7 Considerations When Selling an S-Corporation (2024)

7 Considerations When Selling an S-Corporation (1)

As an S Corp owner, you have likely invested significant time, effort, and resources into building your business. However, there may come a time when you need to consider selling your S Corp.

Whether it's to retire, pursue new opportunities, or for other reasons, selling an S Corp is a complex process that requires careful planning and consideration.

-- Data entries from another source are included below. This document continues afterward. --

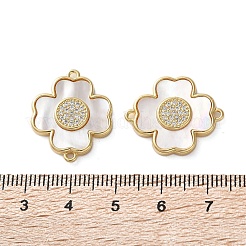 Brass Micro Pave Clear Cubic Zirconia Cross Connector Charms&nbsp;KK-U070-09B-G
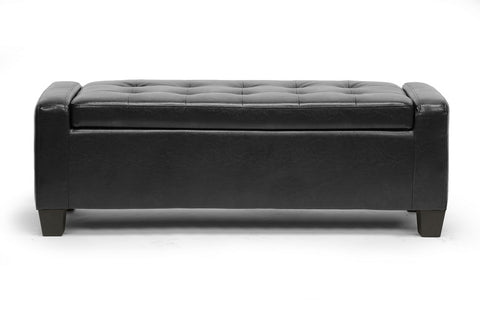 Baxton Studio Manchester Black Ottoman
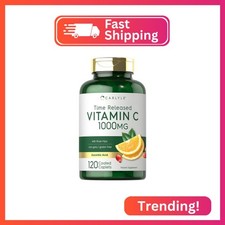 Carlyle Vitamin C 1000mg  Timed Release  120 Vegetarian Caplets  with Rose Hi
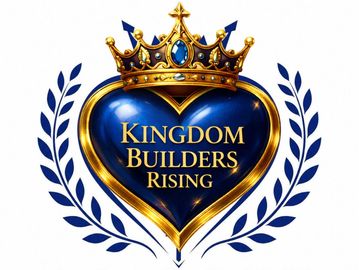A royal blue heart with a golden crown and laurel wreath, reading "Kingdom Builders Rising."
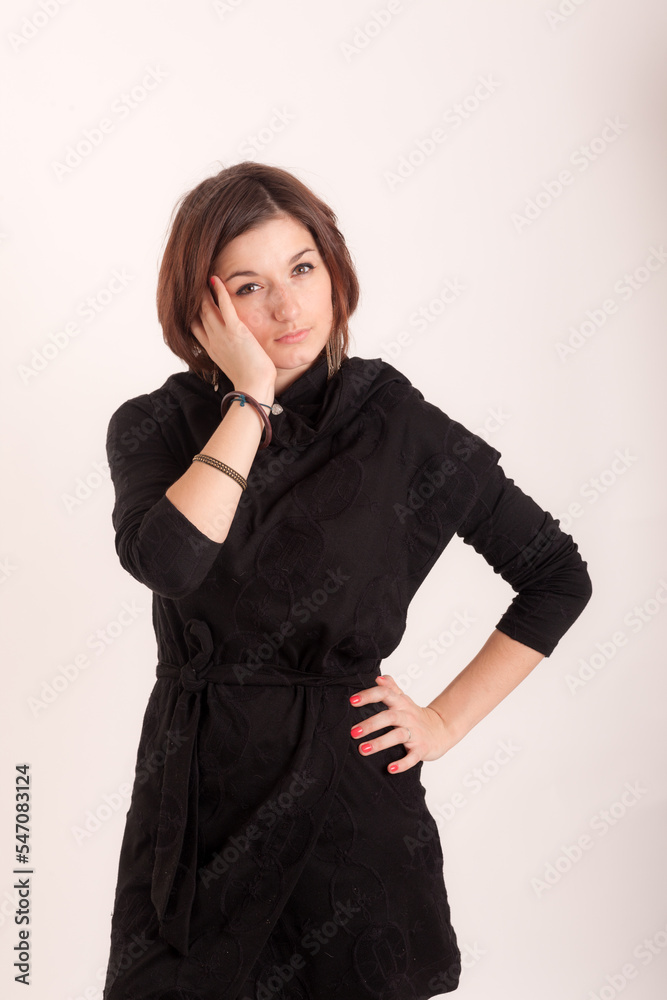 portrait of a girl on a white background portrait of a girl on a white background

In this article, we will discuss seven key considerations to keep in mind when selling an S Corp.

Table of Contents:

1. Valuation of the S Corp

2. Tax Implications

3. Confidentiality

4. Timing of the Sale

5. Finding the Right Buyer

6. Due Diligence

Let's dive into it!

1. Valuation of the S Corp

Valuing an S Corp is an essential first step when considering selling your business. A proper valuation can help you determine the fair market value of your S Corp and set a realistic asking price.

There are several methods to value an S Corp, including asset-based valuation, income-based valuation, and market-based valuation. Each approach has its advantages and disadvantages, so it's essential to choose the right method for your business. Consider consulting with a business valuation expert to ensure that your S Corp is valued correctly.

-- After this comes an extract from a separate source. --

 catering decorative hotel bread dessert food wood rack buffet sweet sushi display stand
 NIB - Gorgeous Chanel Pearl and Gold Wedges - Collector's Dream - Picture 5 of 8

An asset-based valuation involves determining the fair market value of your business's assets, including equipment, property, and inventory. This approach is useful for businesses that have a significant amount of assets.

In contrast, an income-based valuation uses the S Corp's cash flow, profitability, and revenue to estimate its value. This approach is appropriate for businesses that generate significant revenue and have consistent cash flow.

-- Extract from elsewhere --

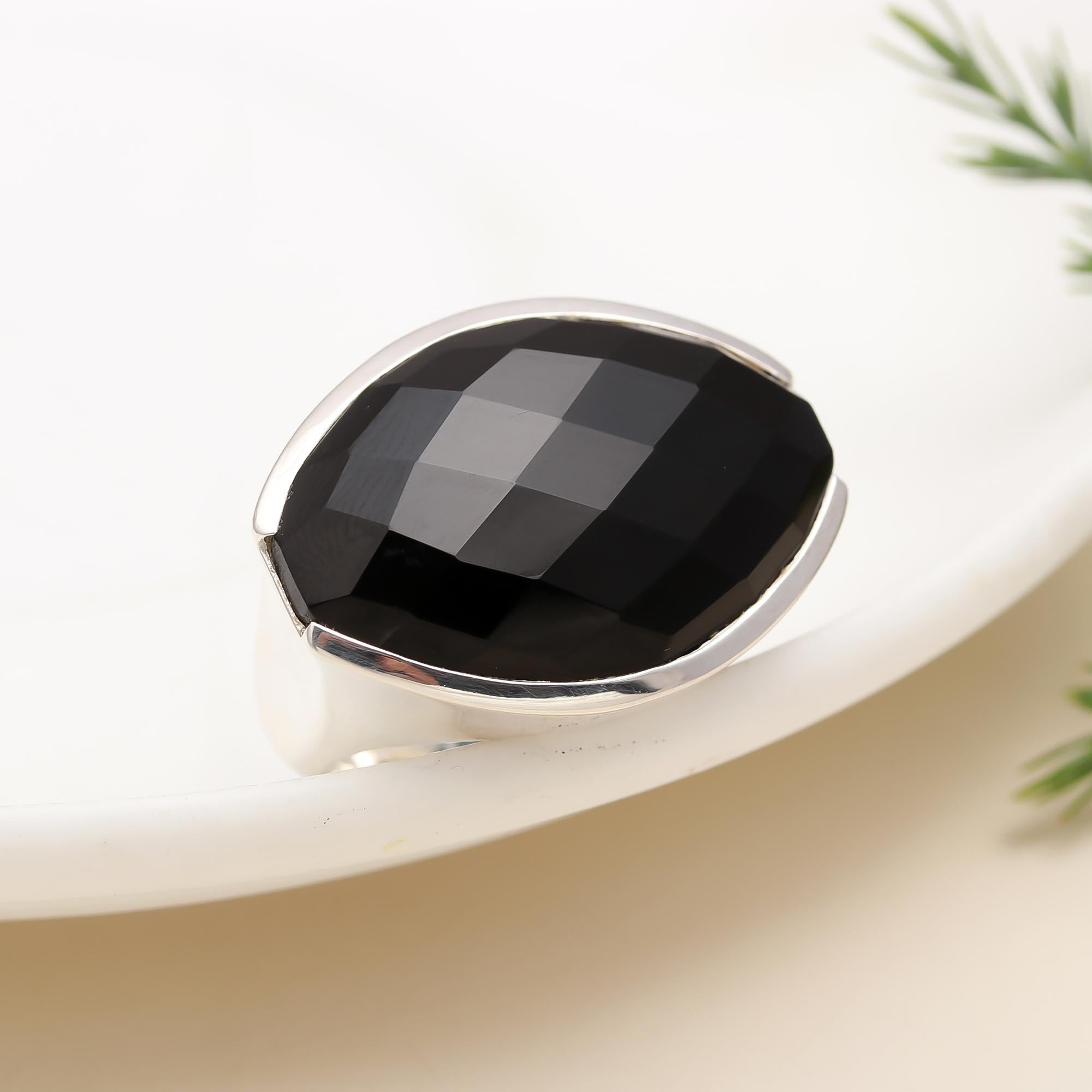925 Silver Faceted Black Onyx Ring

A market-based valuation compares your S Corp to similar businesses in your industry, using multiples of earnings, revenue, or assets. This approach is ideal for businesses with a lot of competition.

2. Tax Implications

Capital Gains Tax

Capital gains tax is a tax on the profit made from the sale of your business. When you sell your S Corp, and if the deal is structured correctly, you will likely have a capital gain or loss on the majority of the sale, depending on the difference between your basis in the business and the sale price. Basis refers to the value of your investment in the business, including your initial investment and any additional investments or losses.

The capital gains tax rate varies based on how long you've owned the S Corp. If you've owned the business for more than one year, the sale will be considered a long-term capital gain, and the tax rate will be either 0%, 15%, or 20%, depending on your income level.

Net Investment Income Tax (NIIT)

And, don't forget about the 3.8% Medicare surtax, also known as the Net Investment Income Tax (NIIT), which is a tax on certain investment income. It was introduced as part of the Affordable Care Act (ACA) and applies to individuals, estates, and trusts with high levels of investment income.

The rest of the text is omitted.